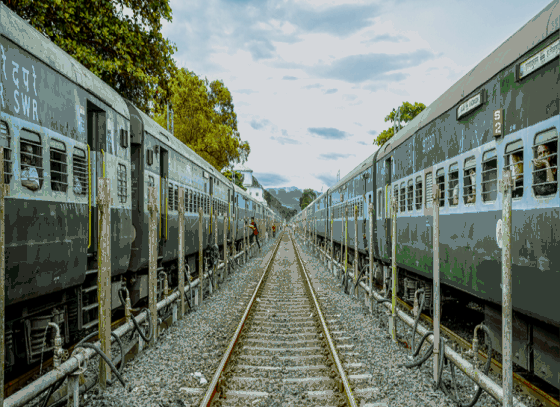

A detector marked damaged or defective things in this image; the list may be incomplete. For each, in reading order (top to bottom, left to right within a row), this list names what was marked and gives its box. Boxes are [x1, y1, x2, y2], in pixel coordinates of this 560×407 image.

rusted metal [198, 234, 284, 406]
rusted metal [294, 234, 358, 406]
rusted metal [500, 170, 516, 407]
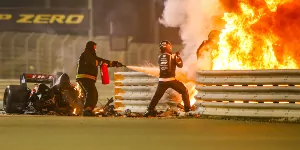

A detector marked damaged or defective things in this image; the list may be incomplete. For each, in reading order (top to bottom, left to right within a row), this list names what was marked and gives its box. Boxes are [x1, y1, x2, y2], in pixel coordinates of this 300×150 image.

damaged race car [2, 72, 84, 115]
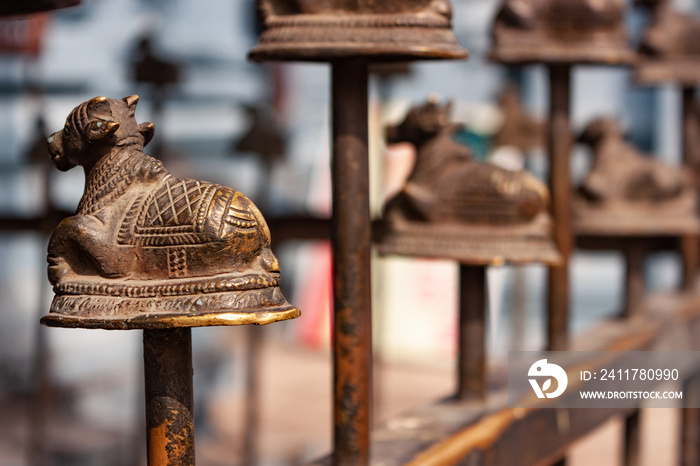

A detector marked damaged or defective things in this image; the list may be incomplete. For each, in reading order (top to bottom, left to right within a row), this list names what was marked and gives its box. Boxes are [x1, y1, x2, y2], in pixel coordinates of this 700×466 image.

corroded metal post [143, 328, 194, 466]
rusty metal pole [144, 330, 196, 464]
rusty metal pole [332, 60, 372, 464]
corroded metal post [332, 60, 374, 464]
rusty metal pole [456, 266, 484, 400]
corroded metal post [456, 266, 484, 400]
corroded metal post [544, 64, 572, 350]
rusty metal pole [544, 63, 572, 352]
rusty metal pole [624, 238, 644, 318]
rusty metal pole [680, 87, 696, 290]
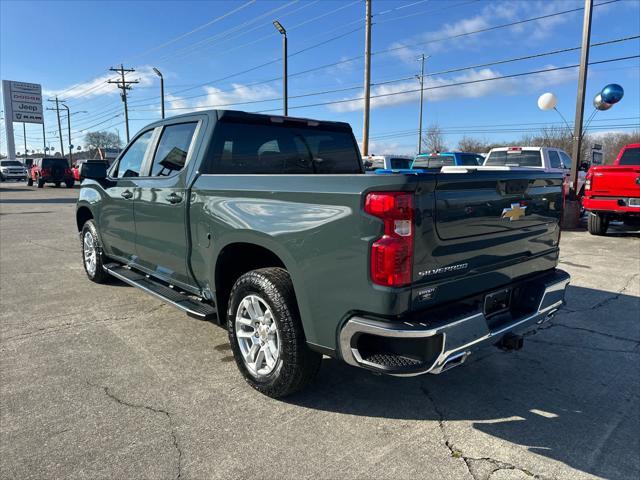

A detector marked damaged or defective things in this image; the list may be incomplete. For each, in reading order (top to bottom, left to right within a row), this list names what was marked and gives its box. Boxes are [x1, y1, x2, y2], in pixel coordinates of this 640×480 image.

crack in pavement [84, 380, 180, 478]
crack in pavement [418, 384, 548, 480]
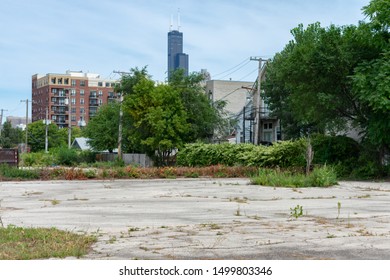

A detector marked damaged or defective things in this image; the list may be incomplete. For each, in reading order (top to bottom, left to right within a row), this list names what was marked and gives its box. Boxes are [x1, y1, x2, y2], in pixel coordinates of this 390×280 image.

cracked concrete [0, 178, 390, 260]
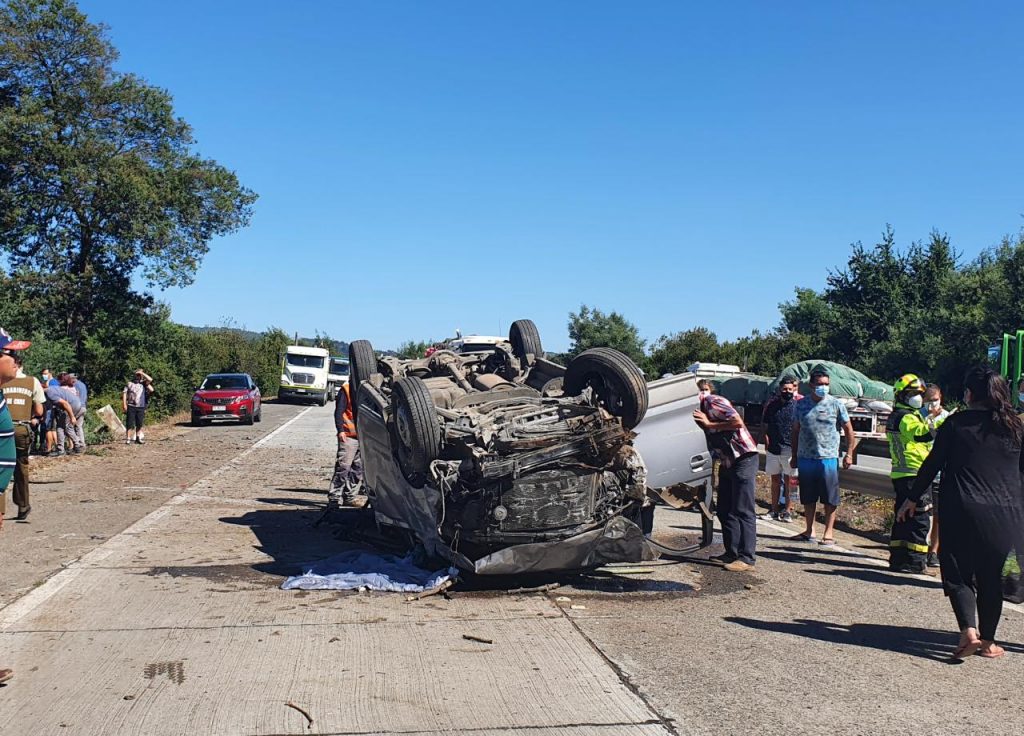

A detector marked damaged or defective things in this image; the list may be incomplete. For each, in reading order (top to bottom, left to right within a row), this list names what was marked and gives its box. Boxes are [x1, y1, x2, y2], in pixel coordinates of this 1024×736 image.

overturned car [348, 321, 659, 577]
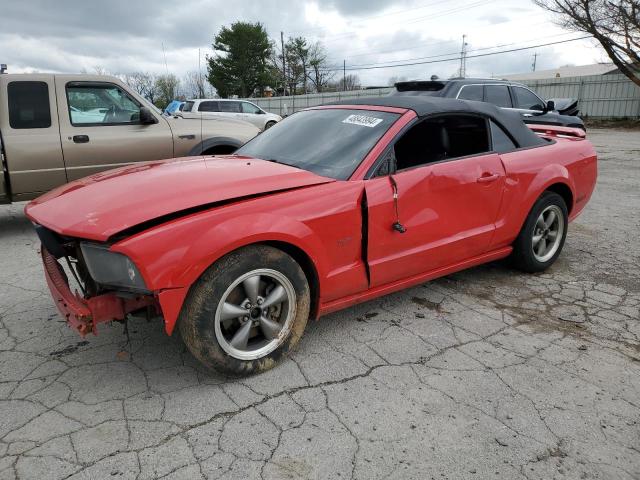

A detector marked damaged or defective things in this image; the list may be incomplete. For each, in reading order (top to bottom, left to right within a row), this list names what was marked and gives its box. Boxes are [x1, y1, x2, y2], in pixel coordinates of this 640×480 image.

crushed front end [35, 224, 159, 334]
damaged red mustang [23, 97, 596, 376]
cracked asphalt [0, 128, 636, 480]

## Exercise goal
Using the listing above, set down exactly each line from the one containing "this 390×280 image." through the final line, and leave out pictures.

## Expected answer
A detector marked damaged or defective things in this image; the list may be incomplete. For each, in reading order (top to bottom, left to right within a row), this list names what was marked and gives its box. Boxes are [x1, y1, x2, y2], in pixel coordinates of this 390×280 image.

cracked concrete [0, 178, 390, 260]

A detector marked damaged or defective things in this image; the list may be incomplete. For each, in reading order (top to bottom, left to right within a row), this list names what was marked and gives its box. Boxes are [x1, y1, x2, y2], in pixel coordinates of this 1024×736 image.

overturned car [348, 321, 659, 577]

A detector marked damaged or defective things in this image; the list may be incomplete. For each, in reading order (top to bottom, left to right within a row), this list names what was marked and gives its box. Boxes are [x1, y1, x2, y2], in pixel coordinates of this 640×480 image.

crushed front end [35, 224, 159, 334]
damaged red mustang [23, 97, 596, 376]
cracked asphalt [0, 128, 636, 480]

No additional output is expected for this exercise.